## Data provided
────

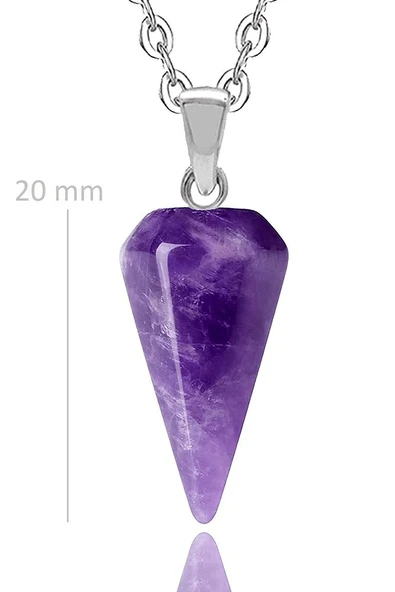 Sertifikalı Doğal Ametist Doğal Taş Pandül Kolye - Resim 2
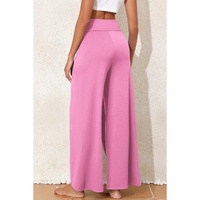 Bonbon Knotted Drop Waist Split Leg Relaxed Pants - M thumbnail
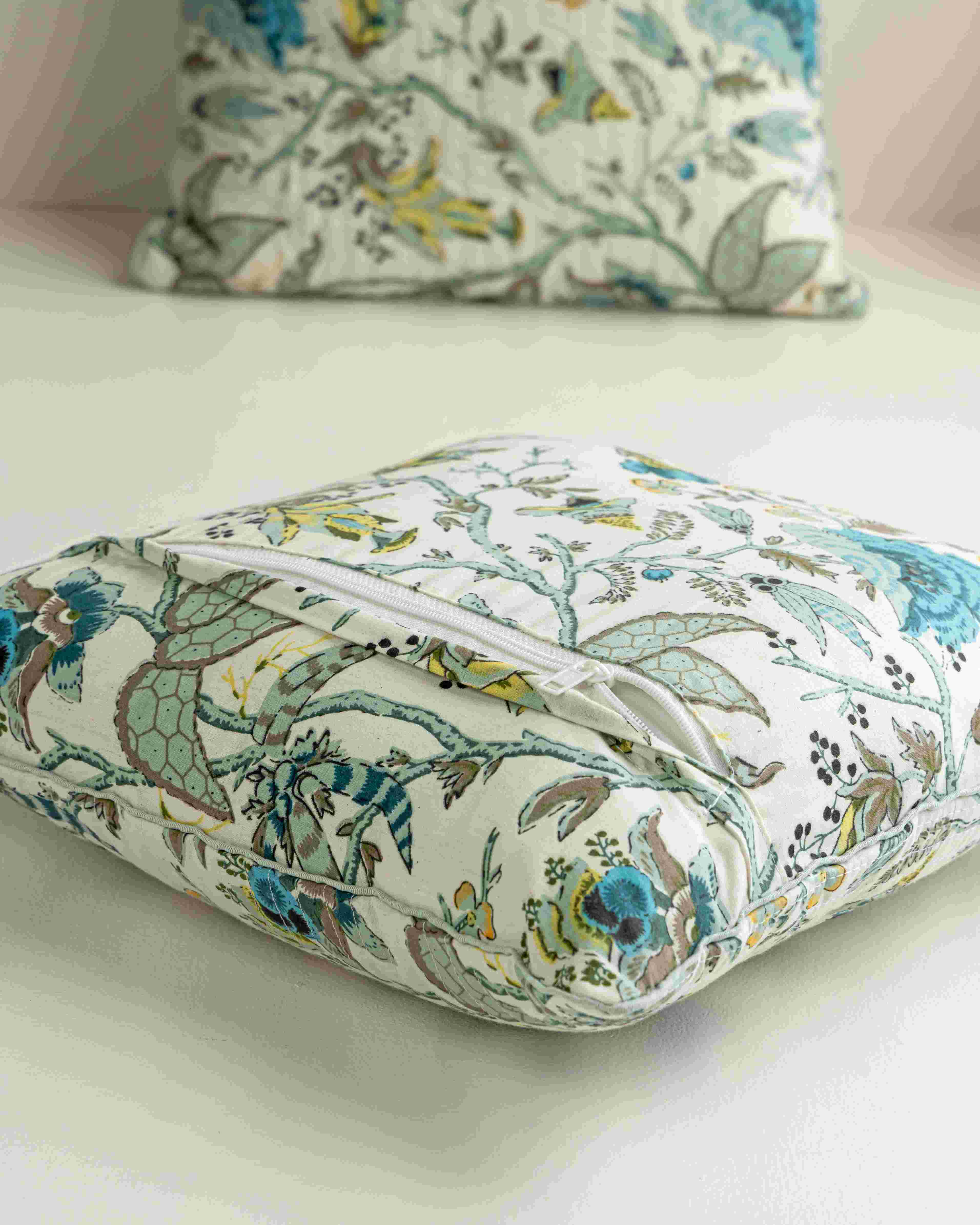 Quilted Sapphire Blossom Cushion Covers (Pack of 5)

────

## Task goal
Transcribe all data precisely. Pictures are not copied.

## Solution to the exercise
 Sertifikalı Doğal Ametist Doğal Taş Pandül Kolye - Resim 2
 Bonbon Knotted Drop Waist Split Leg Relaxed Pants - M thumbnail
 Quilted Sapphire Blossom Cushion Covers (Pack of 5)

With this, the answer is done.